For reference, I'm compiling this for a MIPS 1 system with no OS and no fpu. So I'm compiling with the following defines: _LIBUNWIND_IS_NATIVE_ONLY
, _LIBUNWIND_IS_BAREMETAL
, _LIBUNWIND_HAS_NO_THREADS
, _ABIO32 1
, _MIPS_SIM _ABIO32
, __mips_isa_rev 1
and manually undefing __mips_hard_float
.
After adding these libraries into my program and fixing lots of compiler errors I get the following problem. I set my program up to do a simple try and catch, with the catch being a catch(...)
. However, it never reaches this point nor does it call __cxa_begin_catch
. Stepping through, it reaches Registers_mips_o32.jumpto
, but the value that the ra register is set to is 0x00010000
. This is without the compiler flag -fomit-frame-pointer
. Adding that compiler flag, the ra register is instead set to 0xbf800000
.
Neither of these are correct memory locations, as on this system my program and heap/stack all exist within the range 0x80000000
to 0x801fffff
In the source code for libunwind, the following comments and linkerscript are provided
// When statically linked on bare-metal, the symbols for the EH table are looked
// up without going through the dynamic loader.
// The following linker script may be used to produce the necessary sections and symbols.

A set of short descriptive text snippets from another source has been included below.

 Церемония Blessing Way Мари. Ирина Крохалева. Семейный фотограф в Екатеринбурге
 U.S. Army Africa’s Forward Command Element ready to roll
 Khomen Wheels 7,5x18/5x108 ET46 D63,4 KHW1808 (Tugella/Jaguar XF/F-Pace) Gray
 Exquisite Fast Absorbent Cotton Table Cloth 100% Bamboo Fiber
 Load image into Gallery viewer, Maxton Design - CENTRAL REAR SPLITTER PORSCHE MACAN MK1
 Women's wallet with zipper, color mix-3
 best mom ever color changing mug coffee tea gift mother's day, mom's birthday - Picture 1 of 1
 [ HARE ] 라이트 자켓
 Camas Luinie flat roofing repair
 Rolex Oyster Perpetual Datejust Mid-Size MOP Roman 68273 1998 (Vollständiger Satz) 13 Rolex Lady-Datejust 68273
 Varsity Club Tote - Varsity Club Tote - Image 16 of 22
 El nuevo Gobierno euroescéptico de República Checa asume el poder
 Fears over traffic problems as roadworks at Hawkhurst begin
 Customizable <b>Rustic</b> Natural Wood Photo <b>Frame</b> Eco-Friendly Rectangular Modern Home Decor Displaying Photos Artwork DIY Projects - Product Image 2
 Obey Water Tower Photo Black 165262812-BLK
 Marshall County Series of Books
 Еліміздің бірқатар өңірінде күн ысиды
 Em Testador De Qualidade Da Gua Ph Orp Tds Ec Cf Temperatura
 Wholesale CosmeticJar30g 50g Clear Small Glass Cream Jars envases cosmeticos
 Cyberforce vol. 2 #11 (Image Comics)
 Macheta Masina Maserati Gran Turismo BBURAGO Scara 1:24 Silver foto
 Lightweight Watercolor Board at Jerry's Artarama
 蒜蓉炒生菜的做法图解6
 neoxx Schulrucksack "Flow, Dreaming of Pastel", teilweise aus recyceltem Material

// Unless the --eh-frame-hdr linker option is provided, the section is not generated
// and does not take space in the output file.
//
// .eh_frame :
// {
// __eh_frame_start = .;
// KEEP(*(.eh_frame))
// __eh_frame_end = .;
// }
//
// .eh_frame_hdr :
// {
// KEEP(*(.eh_frame_hdr))
// }
//
// __eh_frame_hdr_start = SIZEOF(.eh_frame_hdr) > 0 ? ADDR(.eh_frame_hdr) : 0;
// __eh_frame_hdr_end = SIZEOF(.eh_frame_hdr) > 0 ? . : 0;
Adding this to my linkerscript was required for the program to link properly. My understanding of this is that it should generate the eh frames properly
Checking the map file generated from linking, I get the following section
.eh_frame 0x000000008001cdf0 0x2188
0x000000008001cdf0 __eh_frame_start = .
*(.eh_frame)
.eh_frame 0x000000008001cdf0 0x45c test/build/Exception.o
0x4e8 (size before relaxing)
.eh_frame 0x000000008001d24c 0x18c test/build/Memory.o
0x1a0 (size before relaxing)
.eh_frame 0x000000008001d3d8 0x580 test/build/Typeinfo.o
0x594 (size before relaxing)
.eh_frame 0x000000008001d958 0x28 test/build/crt0.o
0x3c (size before relaxing)
.eh_frame 0x000000008001d980 0x280 test/build/main.o
0x2e0 (size before relaxing)
.eh_frame 0x000000008001dc00 0x1f8 test/build/UnwindLevel1.o
0x20c (size before relaxing)
.eh_frame 0x000000008001ddf8 0x0 test/build/UnwindLevel1-gcc-ext.o
0x190 (size before relaxing)
.eh_frame 0x000000008001ddf8 0x1180 test/build/libunwind.o
0x1930 (size before relaxing)
0x000000008001ef78 __eh_frame_end = .
.eh_frame_hdr 0x000000008001ce00 0x0
*(.eh_frame_hdr)
0x0000000000000000 __eh_frame_hdr_start = (SIZEOF (.eh_frame_hdr) > 0x0)?ADDR (.eh_frame_hdr):0x0
0x0000000000000000 __eh_frame_hdr_end = (SIZEOF (.eh_frame_hdr) > 0x0)?.:0x0
From what I can tell, this appears to be properly generated. But I'm not sure
My question then is this; I don't have a strong understanding of libunwind nor of stack unwinding. Is there something obvious here I am missing?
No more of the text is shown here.